Fusillade en plein jour sur la Côte-Nord : un suspect intercepté suite aux coups de feu
Auteur: Adam David
Des détonations retentissent en pleine journée

Les événements se sont déroulés sous la lumière crue d’une journée printanière. Le 16 mai dernier, la quiétude habituelle d’un stationnement de supermarché a été brusquement rompue par l’écho de tirs soudains.
La scène s’est jouée au cœur de la communauté innue de Uashat mak Mani-Utenam, un secteur situé sur la Côte-Nord. Face à l’urgence de la situation, les autorités ont rapidement dû sécuriser le périmètre commercial pour protéger les citoyens présents et entamer les premières constatations matérielles.
Les recherches intensives menées depuis cette date ont finalement abouti à une arrestation formelle. Un individu âgé de 58 ans a été appréhendé par les forces de l’ordre en lien direct avec ces décharges d’arme à feu survenues de façon inattendue en plein jour.
L’identité de l’accusé et la nature des charges

L’homme interpellé dans le cadre de ce dossier a été identifié sous le nom de Jacky Vigneault. Ce citoyen résidant à Sept-Îles fait dorénavant face à la justice pour des actes d’une grande sévérité commis dans un lieu fréquenté par le public.
Le suspect est officiellement accusé de tentative de meurtre. Le récit des événements reprochés indique qu’il aurait déchargé une arme à feu en direction d’un autre individu, qui se trouvait alors à l’intérieur d’un véhicule immobilisé sur les lieux.
Cette agression n’a pas laissé la cible indemne. L’homme visé par les tirs a subi des blessures lors de l’incident, une conséquence directe qui a poussé les instances judiciaires à ajouter une accusation formelle de voies de fait graves au dossier de Jacky Vigneault.
La mobilisation policière et le parcours judiciaire

La progression de cette affaire criminelle résulte d’une synergie opérationnelle entre différentes instances policières. L’escouade des crimes majeurs de la Sûreté du Québec a pris la direction des opérations d’enquête pour faire la lumière sur cette violence armée.
Cette unité provinciale a pu compter sur l’appui indéfectible des ressources locales.
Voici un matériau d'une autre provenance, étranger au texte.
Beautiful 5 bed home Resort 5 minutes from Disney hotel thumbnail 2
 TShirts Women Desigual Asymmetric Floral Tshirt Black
Le travail s’est effectué en étroite collaboration avec la Sécurité publique de Uashat mak Mani-Utenam (SPUM), dont la connaissance du terrain a été un atout essentiel dans l’avancement des démarches.
Le processus légal a rapidement suivi son cours, menant à la comparution de Jackie Vigneault ce matin même au palais de justice de Sept-Îles. Le prévenu demeurera incarcéré dans l’attente de son enquête sur remise en liberté, une étape procédurale qui a été fixée à la date du 22 juin.
La toile de fond : un conflit persistant lié aux stupéfiants

L’origine de cette agression ne relève pas d’une simple dispute spontanée. Les responsables de l’ordre public ont apporté un éclairage crucial sur le climat d’hostilité qui prévaut actuellement dans la région et qui motive ce type de règlement de comptes.
Le directeur de la SPUM, Carl Jourdain, s’est exprimé ouvertement sur la nature du problème. Il a fermement indiqué que les récents coups de feu sont intrinsèquement liés à une véritable guerre de territoire affectant les communautés avoisinantes.
Selon les précisions fournies par la direction policière locale, cette confrontation oppose différents groupes criminalisés structurés. Le nœud de leur lutte réside dans le contrôle de la vente de drogue, un marché souterrain qui génère des épisodes de violence manifestes jusqu’aux abords des commerces.
Un historique criminel lourd pour le prévenu

Le parcours judiciaire de l’homme arrêté comporte des éléments antérieurs notables qui attirent l’attention des enquêteurs. Les registres confirment que Jacky Vigneault a déjà fait l’objet d’une condamnation à la détention par le passé.
Il a en effet purgé une peine de prison à la suite d’un acte criminel ciblant un lieu de rassemblement spirituel. L’homme avait allumé un incendie de manière délibérée dans une mosquée située sur le territoire de Sept-Îles.
Ce sinistre prémédité s’est déroulé en décembre 2026, selon les données officielles transmises dans le cadre de ce nouveau dossier. Bien que le geste ait été sérieux, l’intervention avait permis de circonscrire les flammes, de sorte que les dommages causés au bâtiment étaient demeurés limités.